What is needed:
From the records below, set down exactly the lines starting with the line that contains "Used 2025 Ford" and going on through the line that contains "Los Angeles Rams Look". Nothing else is wanted.

Exercise input:

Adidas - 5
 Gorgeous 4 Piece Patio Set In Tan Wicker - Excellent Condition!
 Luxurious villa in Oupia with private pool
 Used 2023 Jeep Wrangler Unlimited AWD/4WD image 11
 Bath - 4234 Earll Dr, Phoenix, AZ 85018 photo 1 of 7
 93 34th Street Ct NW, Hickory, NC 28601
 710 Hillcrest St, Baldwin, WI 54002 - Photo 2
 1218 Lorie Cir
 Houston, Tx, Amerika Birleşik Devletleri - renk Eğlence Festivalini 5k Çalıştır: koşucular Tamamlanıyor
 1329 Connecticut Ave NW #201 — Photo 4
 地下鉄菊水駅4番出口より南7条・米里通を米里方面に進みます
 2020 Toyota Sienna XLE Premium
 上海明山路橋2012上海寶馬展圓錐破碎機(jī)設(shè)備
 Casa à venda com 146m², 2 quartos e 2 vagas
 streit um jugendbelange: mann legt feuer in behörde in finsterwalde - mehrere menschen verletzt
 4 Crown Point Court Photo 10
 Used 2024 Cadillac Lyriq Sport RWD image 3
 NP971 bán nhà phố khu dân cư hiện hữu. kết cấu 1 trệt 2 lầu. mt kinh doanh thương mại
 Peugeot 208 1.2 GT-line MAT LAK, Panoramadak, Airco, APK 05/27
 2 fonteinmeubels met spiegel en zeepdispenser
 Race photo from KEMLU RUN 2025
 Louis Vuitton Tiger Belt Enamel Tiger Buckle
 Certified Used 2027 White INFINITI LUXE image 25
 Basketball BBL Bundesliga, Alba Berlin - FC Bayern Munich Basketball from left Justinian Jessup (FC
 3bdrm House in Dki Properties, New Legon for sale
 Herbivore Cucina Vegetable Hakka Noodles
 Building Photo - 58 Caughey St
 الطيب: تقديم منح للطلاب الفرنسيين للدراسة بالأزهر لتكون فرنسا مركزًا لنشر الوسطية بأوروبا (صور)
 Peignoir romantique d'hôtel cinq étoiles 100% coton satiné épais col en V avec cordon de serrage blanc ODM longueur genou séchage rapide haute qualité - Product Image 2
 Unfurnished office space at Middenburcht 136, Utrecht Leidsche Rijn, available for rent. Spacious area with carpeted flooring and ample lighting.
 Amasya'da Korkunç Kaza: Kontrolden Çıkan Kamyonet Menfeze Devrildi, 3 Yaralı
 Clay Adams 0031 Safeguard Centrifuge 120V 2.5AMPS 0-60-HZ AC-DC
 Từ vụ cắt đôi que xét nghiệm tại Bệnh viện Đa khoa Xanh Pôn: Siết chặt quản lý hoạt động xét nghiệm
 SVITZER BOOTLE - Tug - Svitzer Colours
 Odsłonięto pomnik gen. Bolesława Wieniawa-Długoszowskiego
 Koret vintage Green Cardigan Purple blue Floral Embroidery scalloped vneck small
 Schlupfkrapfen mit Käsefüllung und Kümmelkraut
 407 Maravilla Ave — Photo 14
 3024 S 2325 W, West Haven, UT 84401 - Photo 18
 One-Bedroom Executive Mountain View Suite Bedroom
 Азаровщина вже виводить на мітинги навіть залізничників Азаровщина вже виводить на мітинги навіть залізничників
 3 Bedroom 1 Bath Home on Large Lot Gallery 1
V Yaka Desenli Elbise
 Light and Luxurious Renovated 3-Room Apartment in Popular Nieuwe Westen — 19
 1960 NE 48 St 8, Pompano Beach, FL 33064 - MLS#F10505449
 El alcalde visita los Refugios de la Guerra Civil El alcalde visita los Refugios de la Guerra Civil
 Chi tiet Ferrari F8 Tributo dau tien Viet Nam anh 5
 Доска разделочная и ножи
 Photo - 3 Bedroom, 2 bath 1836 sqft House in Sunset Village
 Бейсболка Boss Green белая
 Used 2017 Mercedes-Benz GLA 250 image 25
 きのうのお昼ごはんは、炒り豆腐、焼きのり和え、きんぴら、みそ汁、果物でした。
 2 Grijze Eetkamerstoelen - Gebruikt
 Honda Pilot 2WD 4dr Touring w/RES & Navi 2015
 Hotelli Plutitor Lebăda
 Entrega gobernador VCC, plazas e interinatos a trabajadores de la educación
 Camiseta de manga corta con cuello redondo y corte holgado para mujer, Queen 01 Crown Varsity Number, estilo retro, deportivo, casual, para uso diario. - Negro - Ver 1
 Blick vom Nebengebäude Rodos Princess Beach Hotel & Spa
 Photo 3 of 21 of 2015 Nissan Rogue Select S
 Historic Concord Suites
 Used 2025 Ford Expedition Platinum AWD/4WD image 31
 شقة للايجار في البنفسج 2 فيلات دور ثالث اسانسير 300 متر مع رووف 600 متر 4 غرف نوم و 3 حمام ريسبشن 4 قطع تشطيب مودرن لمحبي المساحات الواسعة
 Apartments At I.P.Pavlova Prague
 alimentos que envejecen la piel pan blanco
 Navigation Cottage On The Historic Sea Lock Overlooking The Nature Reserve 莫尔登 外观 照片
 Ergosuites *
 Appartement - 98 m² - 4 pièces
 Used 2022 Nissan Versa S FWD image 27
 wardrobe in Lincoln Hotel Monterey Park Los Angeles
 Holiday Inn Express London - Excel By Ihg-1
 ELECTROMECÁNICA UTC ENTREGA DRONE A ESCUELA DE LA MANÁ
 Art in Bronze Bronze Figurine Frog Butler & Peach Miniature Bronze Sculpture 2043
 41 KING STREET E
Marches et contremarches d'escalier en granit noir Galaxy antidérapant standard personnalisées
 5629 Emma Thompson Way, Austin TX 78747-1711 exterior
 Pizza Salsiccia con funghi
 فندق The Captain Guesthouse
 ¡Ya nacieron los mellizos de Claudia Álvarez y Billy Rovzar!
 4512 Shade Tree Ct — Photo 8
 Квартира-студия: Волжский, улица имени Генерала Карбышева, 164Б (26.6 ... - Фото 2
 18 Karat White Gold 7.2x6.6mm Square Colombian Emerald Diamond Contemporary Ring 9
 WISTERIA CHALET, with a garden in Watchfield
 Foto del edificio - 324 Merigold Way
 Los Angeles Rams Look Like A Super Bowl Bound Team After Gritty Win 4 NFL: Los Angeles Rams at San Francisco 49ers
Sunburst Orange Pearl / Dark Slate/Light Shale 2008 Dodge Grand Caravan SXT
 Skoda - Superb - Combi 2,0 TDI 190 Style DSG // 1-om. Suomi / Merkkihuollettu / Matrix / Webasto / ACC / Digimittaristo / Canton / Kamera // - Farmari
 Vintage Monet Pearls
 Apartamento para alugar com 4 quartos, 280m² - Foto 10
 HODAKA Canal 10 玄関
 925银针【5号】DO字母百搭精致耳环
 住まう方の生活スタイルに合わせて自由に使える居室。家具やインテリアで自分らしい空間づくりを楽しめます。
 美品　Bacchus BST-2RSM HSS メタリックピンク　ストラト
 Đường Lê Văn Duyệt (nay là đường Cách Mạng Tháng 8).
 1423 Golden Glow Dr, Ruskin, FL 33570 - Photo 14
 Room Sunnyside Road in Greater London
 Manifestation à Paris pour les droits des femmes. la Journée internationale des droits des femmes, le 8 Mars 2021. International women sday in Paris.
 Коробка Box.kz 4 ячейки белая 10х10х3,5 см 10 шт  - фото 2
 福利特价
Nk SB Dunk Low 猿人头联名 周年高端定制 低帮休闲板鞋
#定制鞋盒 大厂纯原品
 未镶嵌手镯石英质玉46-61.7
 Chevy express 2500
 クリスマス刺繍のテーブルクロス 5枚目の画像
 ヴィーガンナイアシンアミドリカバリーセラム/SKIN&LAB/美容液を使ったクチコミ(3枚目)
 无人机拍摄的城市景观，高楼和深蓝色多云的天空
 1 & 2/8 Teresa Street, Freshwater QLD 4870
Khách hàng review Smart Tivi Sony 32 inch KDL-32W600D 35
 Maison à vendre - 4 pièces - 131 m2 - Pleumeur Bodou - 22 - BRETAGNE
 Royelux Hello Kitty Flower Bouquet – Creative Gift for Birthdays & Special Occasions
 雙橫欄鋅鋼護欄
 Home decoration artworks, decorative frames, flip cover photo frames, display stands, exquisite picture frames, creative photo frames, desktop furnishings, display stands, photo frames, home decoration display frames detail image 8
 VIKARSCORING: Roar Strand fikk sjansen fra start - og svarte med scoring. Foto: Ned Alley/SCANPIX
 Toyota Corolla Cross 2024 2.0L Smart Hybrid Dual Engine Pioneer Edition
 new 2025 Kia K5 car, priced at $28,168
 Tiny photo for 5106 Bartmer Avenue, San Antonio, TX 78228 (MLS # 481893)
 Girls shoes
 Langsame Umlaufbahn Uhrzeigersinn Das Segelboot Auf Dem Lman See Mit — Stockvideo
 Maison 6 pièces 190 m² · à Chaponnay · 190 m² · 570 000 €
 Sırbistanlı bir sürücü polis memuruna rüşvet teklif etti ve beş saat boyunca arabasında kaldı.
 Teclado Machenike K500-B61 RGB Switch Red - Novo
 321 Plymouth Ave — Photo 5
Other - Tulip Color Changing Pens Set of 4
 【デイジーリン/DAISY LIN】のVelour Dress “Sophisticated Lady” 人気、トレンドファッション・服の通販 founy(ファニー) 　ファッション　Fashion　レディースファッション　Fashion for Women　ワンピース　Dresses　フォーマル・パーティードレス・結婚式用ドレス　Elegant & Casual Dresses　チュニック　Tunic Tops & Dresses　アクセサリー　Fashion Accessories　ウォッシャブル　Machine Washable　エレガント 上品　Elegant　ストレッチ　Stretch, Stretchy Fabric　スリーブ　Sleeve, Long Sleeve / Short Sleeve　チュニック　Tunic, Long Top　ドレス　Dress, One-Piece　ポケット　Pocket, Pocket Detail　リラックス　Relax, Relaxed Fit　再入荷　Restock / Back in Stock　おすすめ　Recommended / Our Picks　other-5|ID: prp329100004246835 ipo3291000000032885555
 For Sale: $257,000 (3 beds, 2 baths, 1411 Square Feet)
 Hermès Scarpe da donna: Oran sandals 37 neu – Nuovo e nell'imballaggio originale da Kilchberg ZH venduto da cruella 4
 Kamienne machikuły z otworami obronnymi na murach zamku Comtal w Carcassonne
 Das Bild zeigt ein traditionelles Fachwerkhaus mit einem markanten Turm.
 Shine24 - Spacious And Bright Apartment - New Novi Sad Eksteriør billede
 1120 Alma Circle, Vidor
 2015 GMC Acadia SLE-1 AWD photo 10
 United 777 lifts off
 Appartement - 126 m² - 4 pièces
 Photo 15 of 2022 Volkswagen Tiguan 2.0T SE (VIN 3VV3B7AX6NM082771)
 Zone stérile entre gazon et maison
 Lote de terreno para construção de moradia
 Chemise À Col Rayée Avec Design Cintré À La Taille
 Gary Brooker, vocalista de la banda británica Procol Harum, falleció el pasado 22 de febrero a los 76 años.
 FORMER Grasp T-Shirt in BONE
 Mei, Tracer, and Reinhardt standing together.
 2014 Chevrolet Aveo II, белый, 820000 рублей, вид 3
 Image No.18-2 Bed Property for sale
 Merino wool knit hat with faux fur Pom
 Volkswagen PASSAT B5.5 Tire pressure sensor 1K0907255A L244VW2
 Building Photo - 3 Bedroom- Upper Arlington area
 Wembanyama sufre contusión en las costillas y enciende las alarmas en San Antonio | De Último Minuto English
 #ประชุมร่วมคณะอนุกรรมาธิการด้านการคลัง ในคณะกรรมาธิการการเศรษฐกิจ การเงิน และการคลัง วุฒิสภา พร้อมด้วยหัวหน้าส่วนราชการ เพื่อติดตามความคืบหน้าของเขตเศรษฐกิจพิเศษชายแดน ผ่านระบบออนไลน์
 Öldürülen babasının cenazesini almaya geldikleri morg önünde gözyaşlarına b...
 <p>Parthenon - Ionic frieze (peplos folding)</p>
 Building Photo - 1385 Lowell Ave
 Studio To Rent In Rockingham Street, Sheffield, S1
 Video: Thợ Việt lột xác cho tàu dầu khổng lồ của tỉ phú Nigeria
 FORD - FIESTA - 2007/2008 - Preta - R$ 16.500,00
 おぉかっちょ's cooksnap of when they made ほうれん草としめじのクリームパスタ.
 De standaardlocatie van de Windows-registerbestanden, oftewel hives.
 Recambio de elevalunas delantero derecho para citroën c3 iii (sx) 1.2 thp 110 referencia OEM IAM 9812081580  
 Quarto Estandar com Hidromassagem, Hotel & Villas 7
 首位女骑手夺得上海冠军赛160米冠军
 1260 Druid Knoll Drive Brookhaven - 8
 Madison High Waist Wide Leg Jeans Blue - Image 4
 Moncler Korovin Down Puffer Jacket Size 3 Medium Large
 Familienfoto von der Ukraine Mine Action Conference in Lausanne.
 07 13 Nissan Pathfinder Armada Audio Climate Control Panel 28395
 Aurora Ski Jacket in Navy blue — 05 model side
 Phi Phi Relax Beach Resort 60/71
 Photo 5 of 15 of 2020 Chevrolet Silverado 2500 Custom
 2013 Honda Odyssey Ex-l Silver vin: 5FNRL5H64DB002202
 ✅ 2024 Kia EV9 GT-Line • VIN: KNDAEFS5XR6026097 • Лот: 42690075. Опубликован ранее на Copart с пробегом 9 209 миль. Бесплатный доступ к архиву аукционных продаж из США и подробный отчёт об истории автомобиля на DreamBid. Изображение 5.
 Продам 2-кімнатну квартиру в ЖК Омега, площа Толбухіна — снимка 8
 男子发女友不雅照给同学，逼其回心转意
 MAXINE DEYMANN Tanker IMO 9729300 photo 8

The completed task:
 Used 2025 Ford Expedition Platinum AWD/4WD image 31
 شقة للايجار في البنفسج 2 فيلات دور ثالث اسانسير 300 متر مع رووف 600 متر 4 غرف نوم و 3 حمام ريسبشن 4 قطع تشطيب مودرن لمحبي المساحات الواسعة
 Apartments At I.P.Pavlova Prague
 alimentos que envejecen la piel pan blanco
 Navigation Cottage On The Historic Sea Lock Overlooking The Nature Reserve 莫尔登 外观 照片
 Ergosuites *
 Appartement - 98 m² - 4 pièces
 Used 2022 Nissan Versa S FWD image 27
 wardrobe in Lincoln Hotel Monterey Park Los Angeles
 Holiday Inn Express London - Excel By Ihg-1
 ELECTROMECÁNICA UTC ENTREGA DRONE A ESCUELA DE LA MANÁ
 Art in Bronze Bronze Figurine Frog Butler & Peach Miniature Bronze Sculpture 2043
 41 KING STREET E
Marches et contremarches d'escalier en granit noir Galaxy antidérapant standard personnalisées
 5629 Emma Thompson Way, Austin TX 78747-1711 exterior
 Pizza Salsiccia con funghi
 فندق The Captain Guesthouse
 ¡Ya nacieron los mellizos de Claudia Álvarez y Billy Rovzar!
 4512 Shade Tree Ct — Photo 8
 Квартира-студия: Волжский, улица имени Генерала Карбышева, 164Б (26.6 ... - Фото 2
 18 Karat White Gold 7.2x6.6mm Square Colombian Emerald Diamond Contemporary Ring 9
 WISTERIA CHALET, with a garden in Watchfield
 Foto del edificio - 324 Merigold Way
 Los Angeles Rams Look Like A Super Bowl Bound Team After Gritty Win 4 NFL: Los Angeles Rams at San Francisco 49ers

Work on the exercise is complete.